Em “Anna Karenina”, acompanhamos o dilema da personagem-título, interpretada por Keira Knightley. Na Rússia do século XIX, ela vive um casamento estável, mas sem paixão, com Alexei Karenin (Jude Law). Em uma viagem para encontrar o irmão e sua família em Moscou, ela conhece o conde Vronsky (Aaron Johnson) e uma paixão avassaladora nasce entre eles. A partir do momento em que decidem assumir a relação, Anna vive uma série de dilemas, pois divorciar-se de Karenin significaria ser uma mulher desprezada pela sociedade da época, além de perder o acesso a seu filho.

Wright é o diretor de outros dramas de época com pinceladas épicas. Em “Desejo e Reparação” (2007), e “Orgulho e Preconceito” (2005), ele equilibrou com sucesso a introspecção dos personagens com os acontecimentos ao seu redor, destacando em especial o dilema de seguir o coração ou obedecer às normas impostas pela sociedade e por si próprio. Esse dilema é o ponto de partida de “Anna Karenina” também; o problema é a maneira como Wright o desenvolve, sem saber dividir o espaço entre a paixão de Anna pelo conde Vronsky e os vários outros elementos da história original.

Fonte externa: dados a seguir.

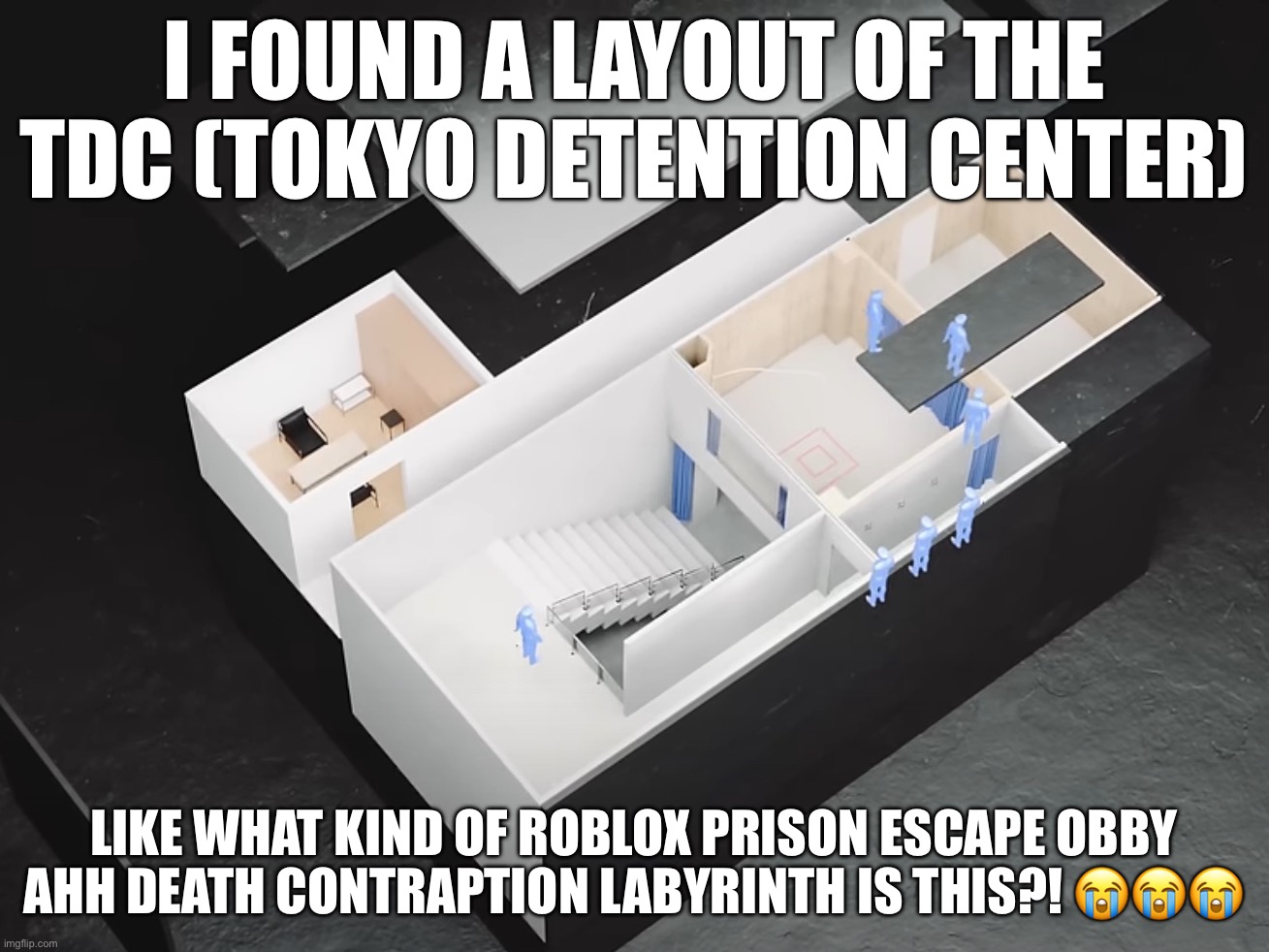 I FOUND A LAYOUT OF THE TDC (TOKYO DETENTION CENTER); LIKE WHAT KIND OF ROBLOX PRISON ESCAPE OBBY AHH DEATH CONTRAPTION LABYRINTH IS THIS?! 😭😭😭 | made w/ Imgflip meme maker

O problema dessa adaptação de “Anna Karenina” é que todos os conflitos são retratados de maneira rasa. A paixão de Anna e Vronsky parece um jogo vulgar de sedução, e não o despertar de uma mulher perante a possibilidade de uma felicidade palpável. O pesar de Anna ao não poder ter o filho consigo, ponto marcante no livro, é reduzido de maneira grosseira, assim como a culpa que ela sente por ter abandonado um marido que lhe foi sempre cortês, apesar de frio.

Se o fio condutor da trama foi tratado de maneira tão superficial, o mesmo se espera dos personagens secundários, porém essenciais à história de “Anna Karenina”. As conversas entre o irmão de Anna, Stiva (Mathey Mcfadyen) e Kostya (Domhall Gleeson) sobre o contexto social e político da Rússia da época é reduzido a quase nada no filme, o que empobrece a adaptação.

A decisão de utilizar Kostya como um personagem tão secundário, que aparece apenas para esperar o seu amor por Kitty (Alicia Vikander) ser correspondido, causa ainda mais estranheza para quem já leu o livro. Suas percepções sobre a superficialidade da vida dos nobres em contraste à sua vida no campo são um ponto essencial da trama original e desaparece no filme. A história de “Anna Karenina” se reduz apenas a uma história de amor, o que por si só renderia um ótimo filme, se Wright tivesse se empenhado o suficiente para isso.

No lugar do tal empenho, o que vemos é uma tentativa malsucedida de “inovar” com os cenários e traçar, através deles, um paralelo com a vida de aparências dos nobres. Além de não adicionar nada e ajudar a tornar a edição mais confusa do que já é, esse recurso dá a impressão de que o filme não tinha verba o suficiente para retratar a suntuosidade da Rússia do século XIX. Outro ponto negativo é a atuação de Keira Knightley, que claramente não soube dar a complexidade que a personagem exigia e oferece mais uma de suas interpretações afetadas. Jude Law é um dos poucos que consegue expressar o arco de seu personagem, e mesmo careca e sisudo, parece um homem mais interessante que Aaron Johnson como Vronsky, reduzido a um belo espécime masculino que faz as vontades de Anna.

De maneira geral, “Anna Karenina” não chega a ser um total desastre, principalmente para os que não leram o livro original. Ainda assim, o resultado é irregular e passa bem longe de ser um filme que ficará nas lembranças de seus espectadores. Se for esse o seu objetivo, e se tiver paciência para ver um filme romântico em que o casal principal passa mais tempo em conflito que “se amando”, é uma dica válida para a próxima sessão.